An accomplished trial lawyer, Stimson worked as a prosecutor in San Diego, Maryland, and as an Assistant United States Attorney in the United States Attorney’s Office for the District of Columbia.
A third-generation naval officer, Cully served in the Navy Judge Advocate General’s Corps (JAG) for 30 years, including three tours on active duty. During his active duty and reserve career, he served as a military defense counsel, prosecutor, as Deputy Chief Judge of the Navy-Marine Corps Trial Judiciary, and the Commanding Officer of the Preliminary Hearing Unit among other assignments. He retired from the Navy JAG Corps as a Captain on February 1, 2022, after 30 years of service.
Stimson’s thousands of media interviews and appearances include Fox News Channel, MSNBC, CNN, BBC, NPR and C-SPAN. He has been quoted by most major newspapers, including The Washington Post, Wall Street Journal, New York Times, Los Angeles Times, and London Times.
A businessman and educator by training, Stimson is Chairman of the Board of his family’s commercial real estate company in Seattle. Before 9/11, he was a Vice President at a New York-based global financial services and insurance brokerage firm where he ran the private equity mergers and acquisitions D.C. operation.
Stimson holds a law degree from the George Mason University School of Law, where he later taught as an Adjunct Professor of Law. He is a graduate of Kenyon College, where he was Captain of the men’s varsity soccer team and an All-Conference player. He also studied at Harvard and Exeter universities. An avid soccer player, he served three terms as Chairman of the Board of the United States Soccer Foundation, the charitable giving arm of U.S. Soccer, and is currently the Chairman Emeritus.

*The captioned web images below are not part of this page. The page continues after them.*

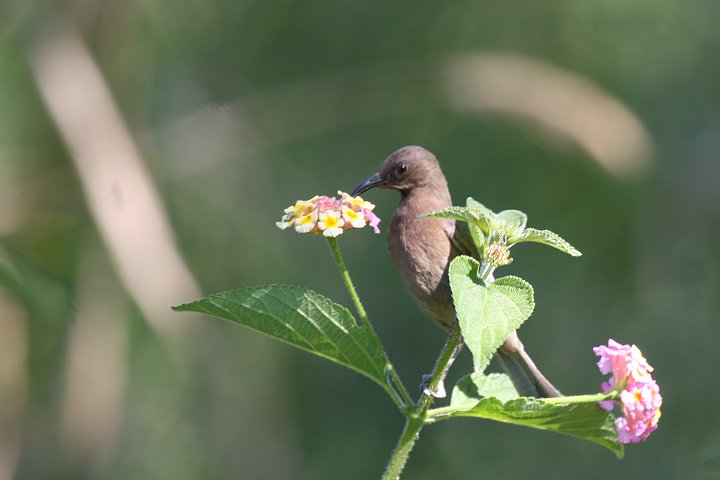 �R�Q�`���~�c�X�C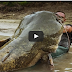 MAMMOTH CATFISH TALL 8,20 FEET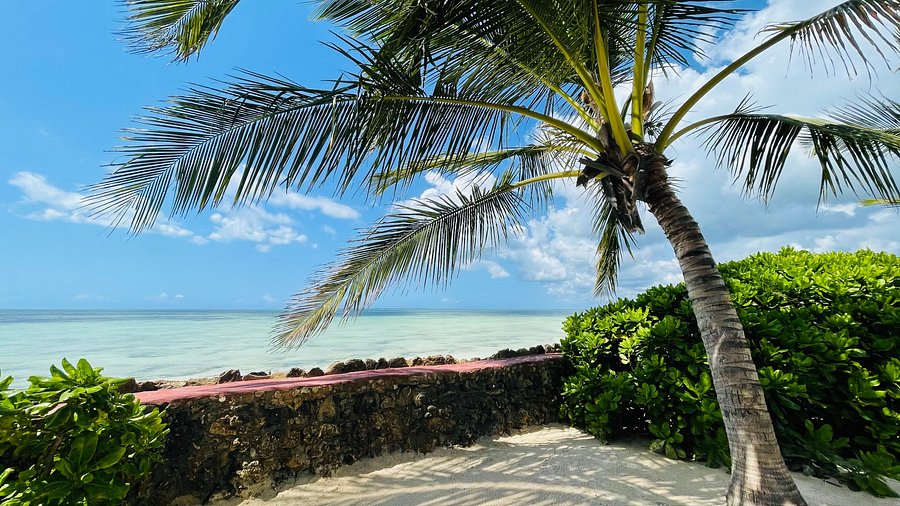 Samaki Lodge & Spa Zanzibar Gallery Image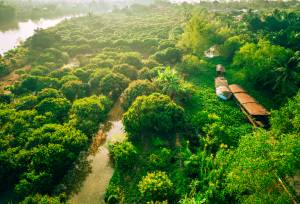 Best of Vietnam – Premium Adventure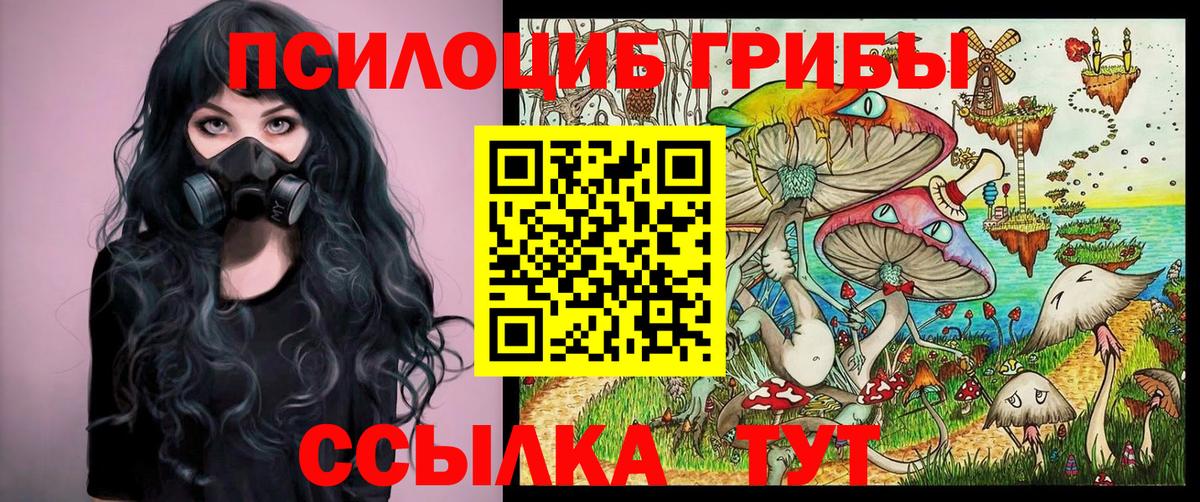 Галлюциногенные грибы Psilocybe  Вход с VPN  Черемхово 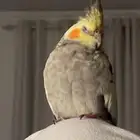 كروان كوكتيل مفقود حي الصفا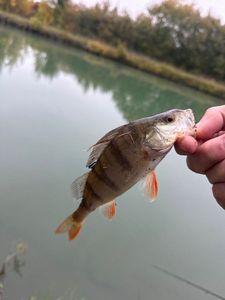 European Perch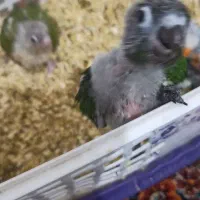 گرینچیک سرلاکی مرغ عشق جوانه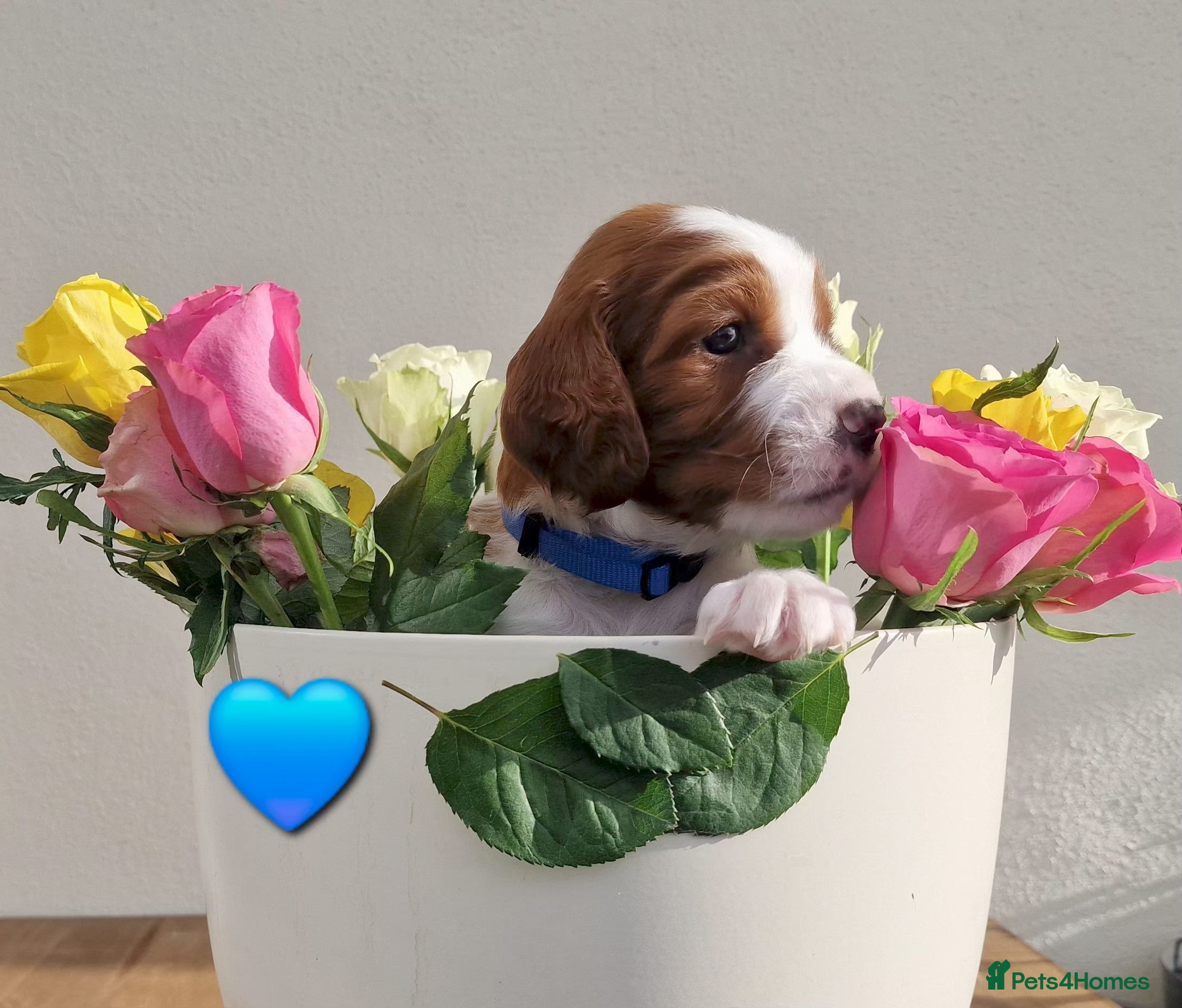 Welsh Springer Spaniel dogs Quality Welsh Springers | Exceptional homes only. - Advert 3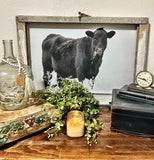Black Angus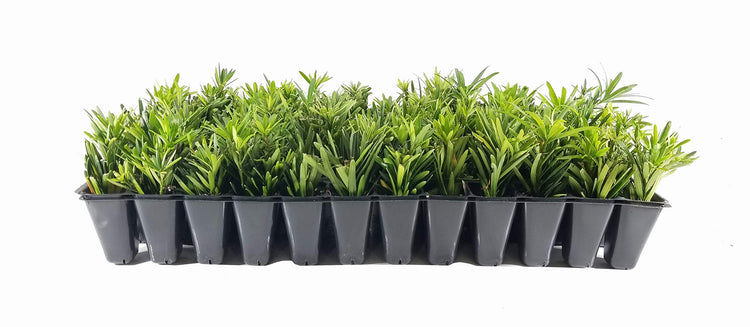 Dwarf Podocarpus Macrophyllus Pringles | Live Plants | Dense Evergreen Low Hedge or Bonsai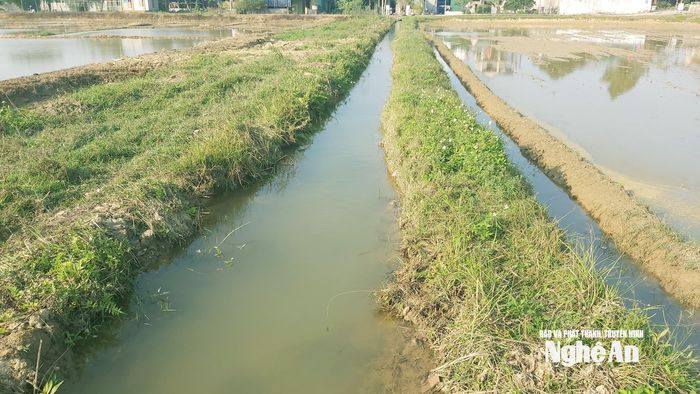 Một góc bờ ruộng cỏ mọc xanh do không phun thuốc diệt cỏ. Ảnh: Xuân Hoàng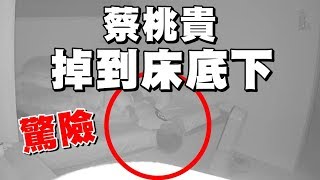 【蔡桃貴】掉到床底下！監視器拍下驚險畫面，蔡阿嘎二伯 七秒抵達現場！(1Y1M4D)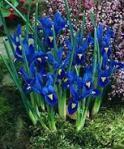 iris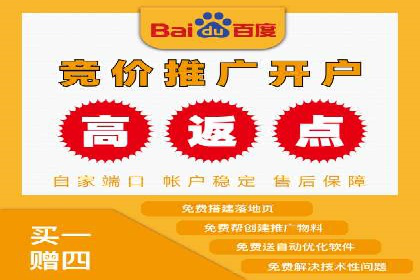 行业领先企业的信息流竞价策略揭秘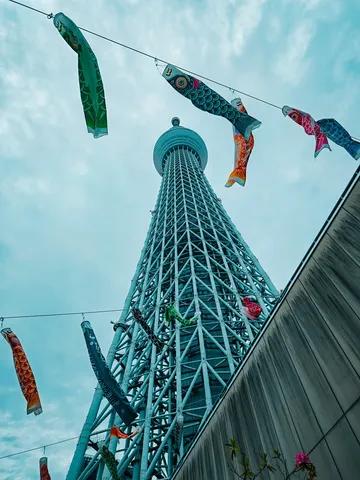 空へ伸びる鯉のぼり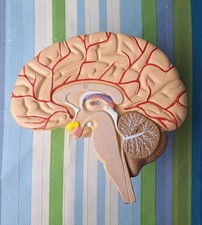 Anatomical Human Right Brain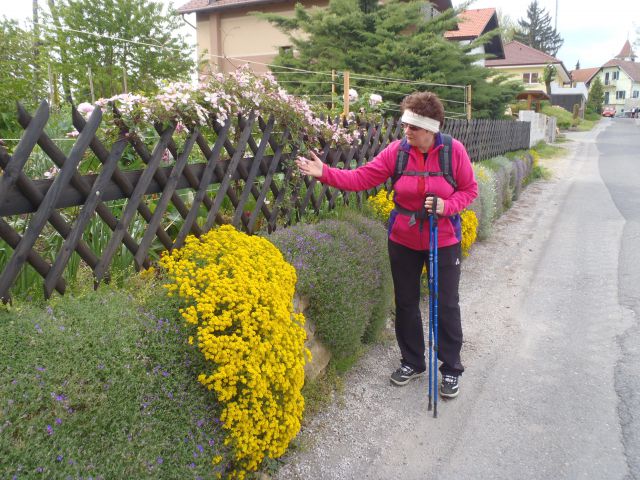 20150501 40-let pd Lenart  pohod na Zavrh - foto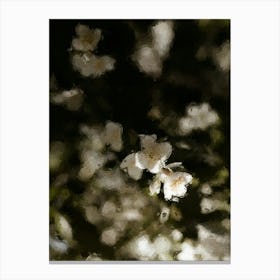 White Cherry Blossoms Oil Painting Canvas Print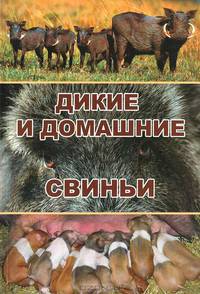 Дикие и домашние свиньи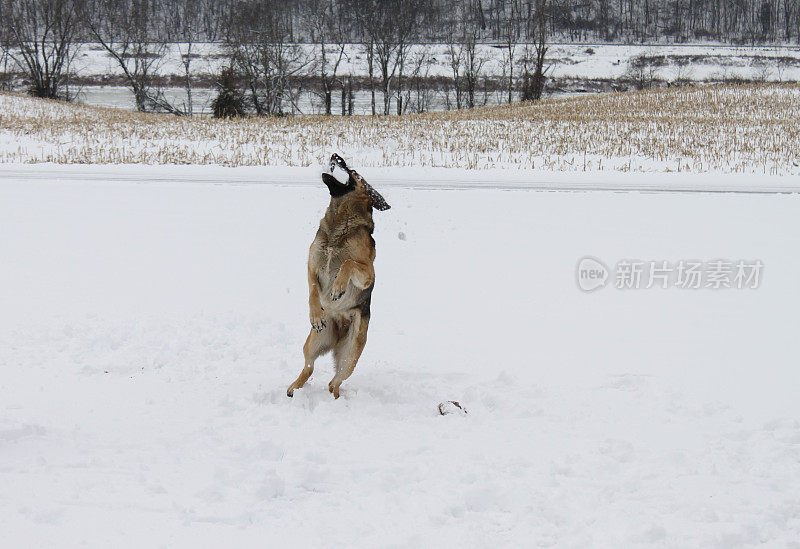 德国牧羊犬捉雪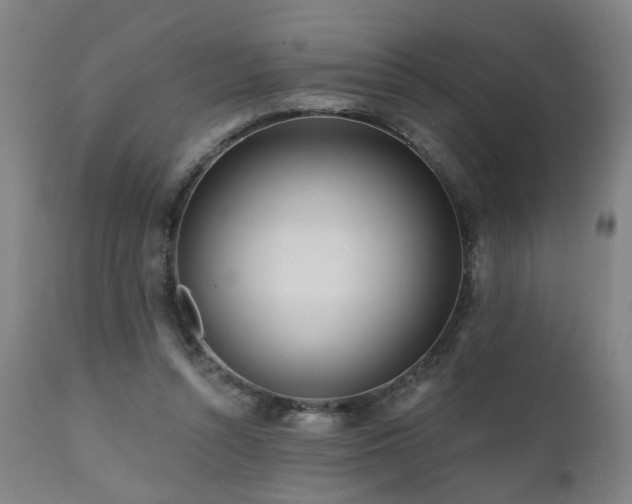X0000112060352200908041220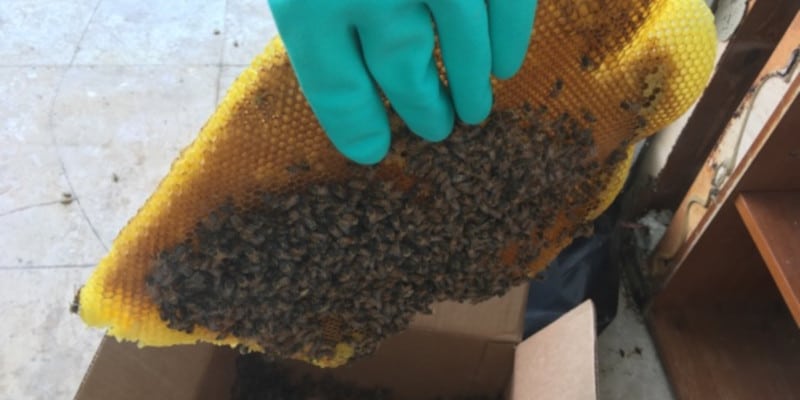 Exposed Honeybees in Lakeland, Florida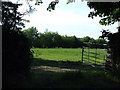 Open gate leading into a field in LL62 5NW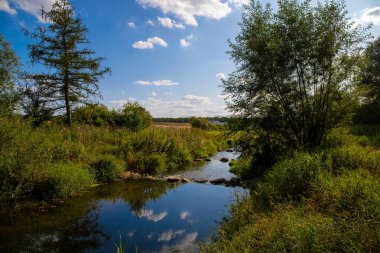 Sahilde bol yeşillik ve mavi gökyüzü ile birlikte yeşil doğada akıyor. Yüksek kalite fotoğraf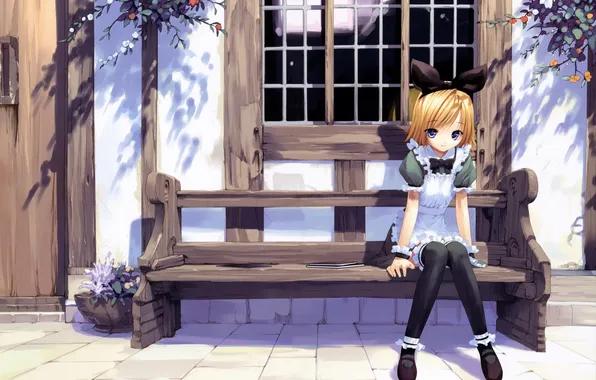 Trees, bench, the city, house, shop, girl, ueda ryou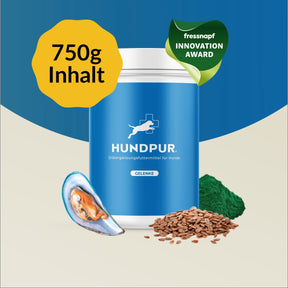 Hundpur® Gelenke - BIG
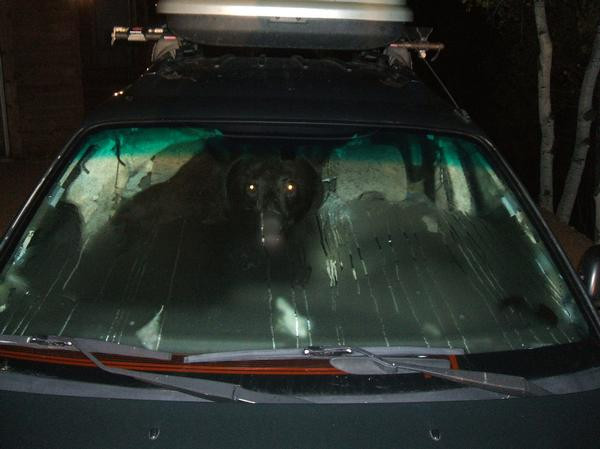 Hot cu blana, prins in "flagrant" intr-o masina!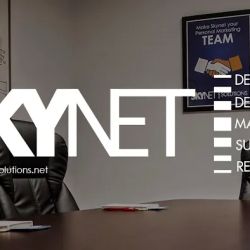 Skynet Solutions Inc ico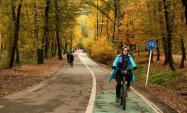 دوچرخه سوار زن در پارک جنگلی النگدره
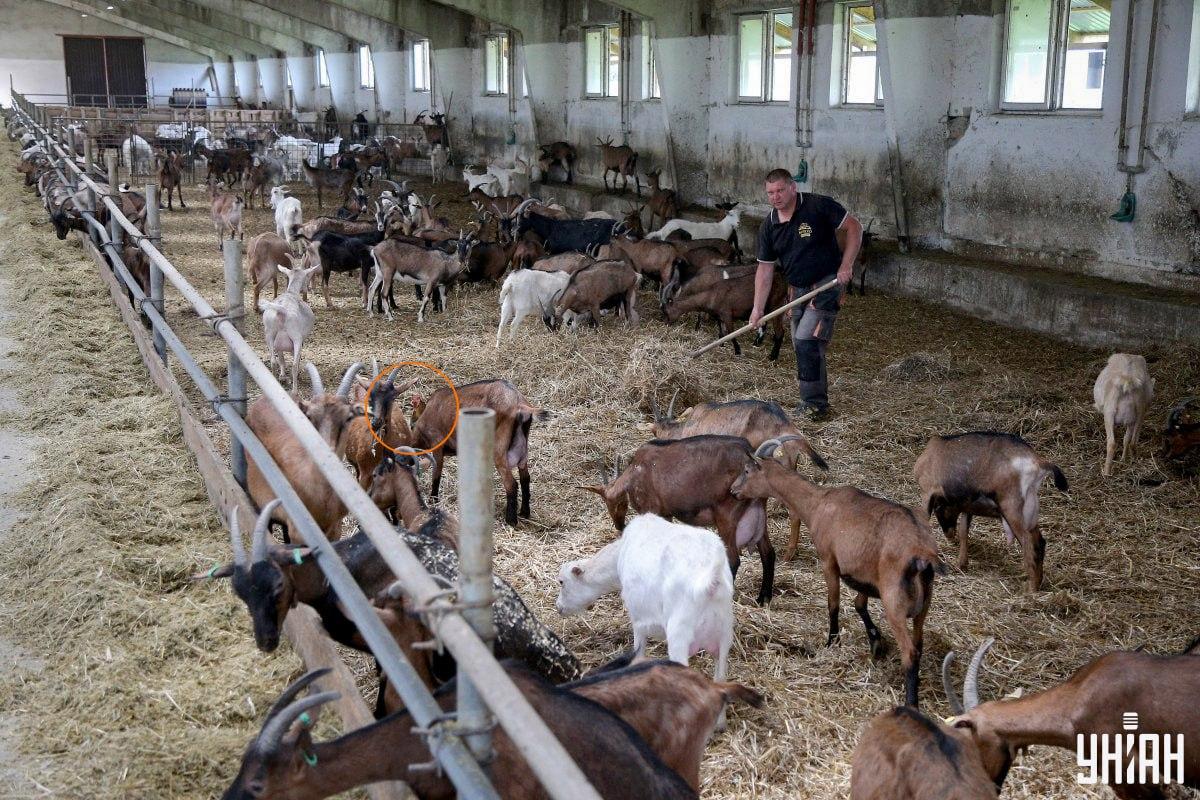 Pasărea domestică era aproape de centrul imaginii / colaj cu fotografia Moje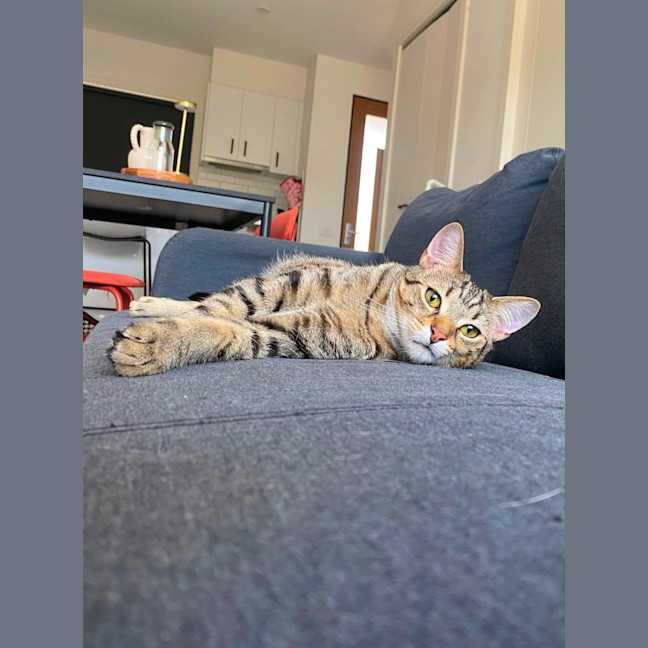 Photo of Oak
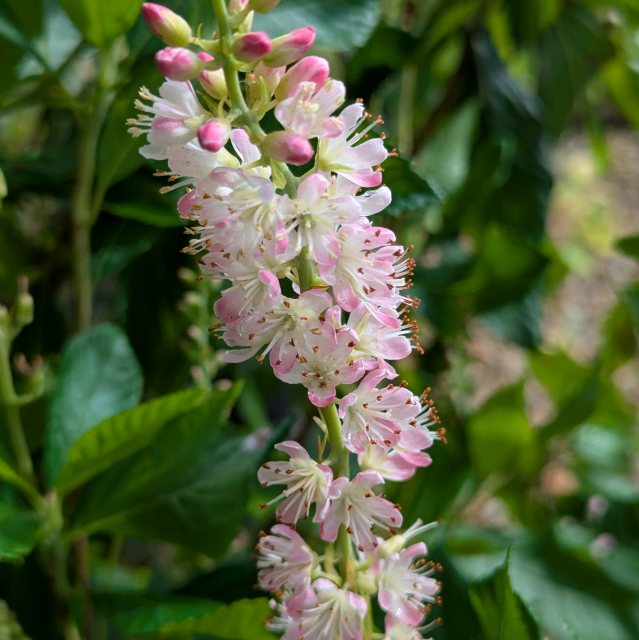 Clethra alnifolia 'Ruby Spice' AGM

Appointed by Governor Youngkin to serve July 1, 2022 – June 30, 2026
Michael J. Meese is the President of the American Armed Forces Mutual Aid Association (AAFMAA), a non-profit association supporting the military and veterans with insurance, financial planning, investments, mortgages, and other benefits.
In 2013, he retired from the US Army as a Brigadier General. He concluded his 32-year career teaching economics and national security courses while serving as the Professor and Head of the Department of Social Sciences at the U.S. Military Academy. In addition to teaching, he served in a variety of strategic political-military positions including deployments to Afghanistan, Iraq, and Bosnia for a total of 31 months.
He has been involved in higher education for over three decades, most recently serving as the Chair of the Board of Regents of Concordia College, New York. He is an Adjunct Professor at Georgetown University and at the Uniformed Services University of Health Sciences. Previously he taught at Princeton University and was a distinguished research fellow at the National Defense University.
He has written and lectured extensively on national security and economics including the books American National Security and the Armed Forces Guide to Personal Financial Planning. He is a graduate of the National War College, U.S. Military Academy, and holds a Ph.D., MPA and M.A. from Princeton University.
He lives in Oak Hill, VA with his wife and they have three grown children. Both of his daughters graduated from George Mason University, one as an undergraduate and the other as a graduate student.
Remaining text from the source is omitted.